With nearly $5 trillion in daily trades, the foreign exchange, or Forex, is the largest financial market in the world. It is bustling with activity 24 hours per day, and the fierce schedule can be difficult to master without a competitive edge. The best way to gain an advantage while trading on the forex market is to use all of the tools available to you, and two of the most powerful tools you can employ are news releases and market sentiment.
Forex Market Movement
Nearly all of the movement in the Forex market is based on the changing economic conditions and sentiment in the various nations of the world. Although it is impossible to predict whether a currency will rise or fall in value with 100 percent certainty, the chances of a successful forecast can be increased by watching for indicators in the news. The top forex traders pay close attention to international news releases, especially those pertaining to financial or economic matters. Events that are reported in the mass media can profoundly affect the forex market and currency prices because the news alters the financial sentiment in consumer, commercial, industrial and government sectors.

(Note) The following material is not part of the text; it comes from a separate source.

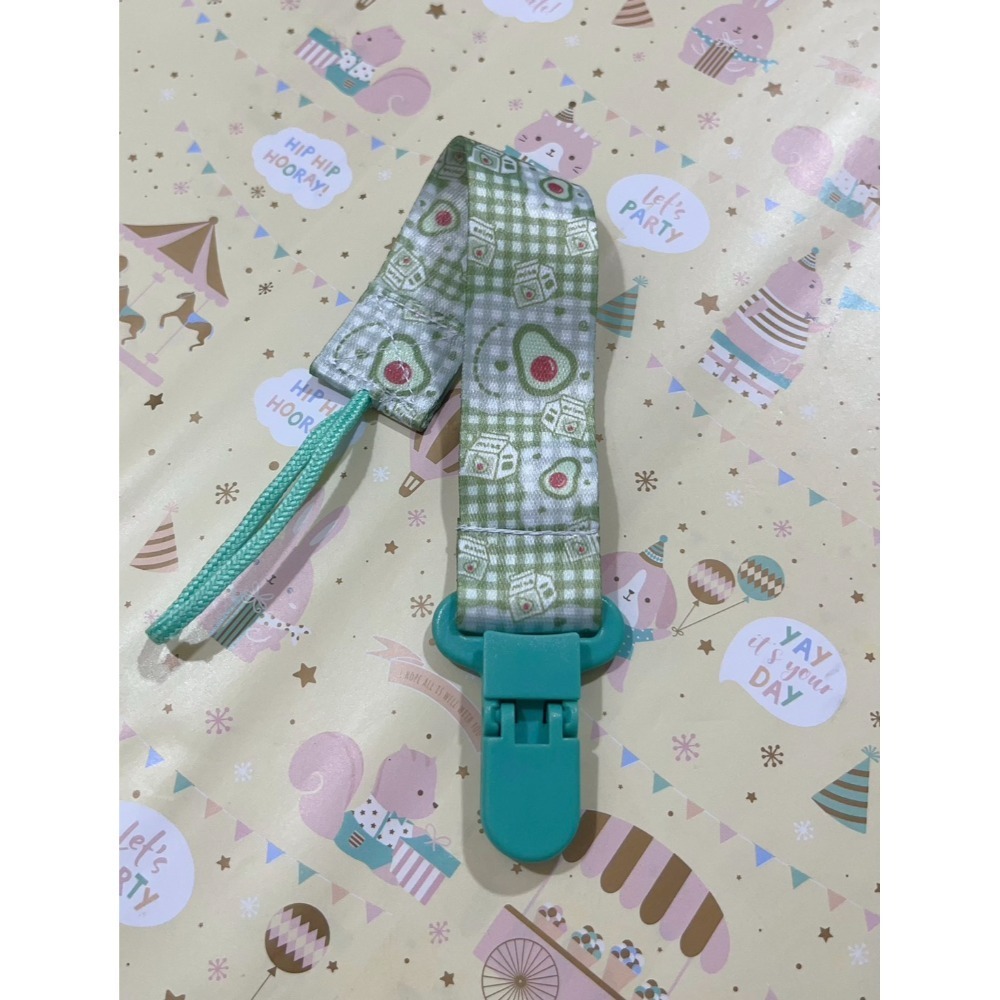 安撫奶嘴牙膠玩具防掉鍊/防掉鍊/奶嘴帶/奶嘴防掉夾/奶嘴夾 〝 不可調 〞-規格圖11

Examples of news releases that can cause reactions in the market include reports on a nation’s gross domestic product (GDP), changes in interest rates, political changes and payroll reports. However, the news that is the most valuable to forex traders covers surprise situations or events that contradict popular expectations.
Hedging With News Releases
Even though news releases may contain obvious indicators about how currency values will move on the forex market, it is still very difficult to determine just how much a particular currency will rise or fall. Because of this, many experienced forex traders will hedge their investments upon the release of significant news items. To hedge your trades, it is first necessary to determine the likelihood that a currency will rise or fall in value against another. The majority of your investment will be riding on the most likely position, but some funds are held in reserve for movement in the opposite direction. As a news story develops more fully in the future, trades can be adjusted in order to maximize profit.
News Releases to Watch
The primary types of news releases to watch are those that report the latest statistics on the changing economy. In the United States, one of the most significant news releases is the non-farm payroll report, but the following others also contain valuable indicators for the forex market:
• Gross domestic product – The GDP is, arguably, the most important indicator on the state of a country’s economy.
• Interest rates – The prime lending rate set by a country’s central banking system directly affects the value of its currency.
• Unemployment – It is extremely rare for currency values to remain unchanged following the official release of unemployment rates.
• Inflation – Low inflation is an indicator of a strong, valuable currency while high inflation is an economic warning sign.
What Is Market Sentiment?
After the gold standard was abandoned in the 20th century, the value of currency has rested solely on the beliefs of those who earn, trade and spend it, which means that overall market sentiment can be a great tool for predicting currency changes. Although using sentiment indicators in the forex is a fairly new strategy, it is quickly becoming a standard analytical method.
Forex sentiment is a measure of how traders feel about their investments and the market in general. When the prevailing attitude of traders and analysts concerning a particular currency, trade or investment product are positive, sentiment rises, and when the collective attitude is negative, sentiment falls. A large part of sentiment derives from the volume of trading that is occurring during a given timeframe. An influx in buying means that sentiment has improved while dumping a currency shows that sentiment has deteriorated.
Many forex brokers make it easy to determine and use market sentiment by providing sentiment indicators, which come in the form of charts displaying the quantity of trades made and positions taken on specific currency pairs. When the rate of long trades versus short trades is at its highest, these indicators can help you decide on how to make the most profitable investments in the market.
When sentiment indicators are at their most extreme, this signals traders to pay close attention to a currency and watch for other signs of continued movement or reversal. In this way, those who use sentiment indicators have a head start on those who do not. However, it is important to understand that a level of sentiment considered extreme for one currency pair may be much higher or lower than that for another pair.
Several different sentiment indicators are available to forex traders. One of the most popular is the Speculative Sentiment Index (SSI), and another is the Commitment of Traders (COT) report, which is issued each week by the U.S. Commodity Futures Trading Commission.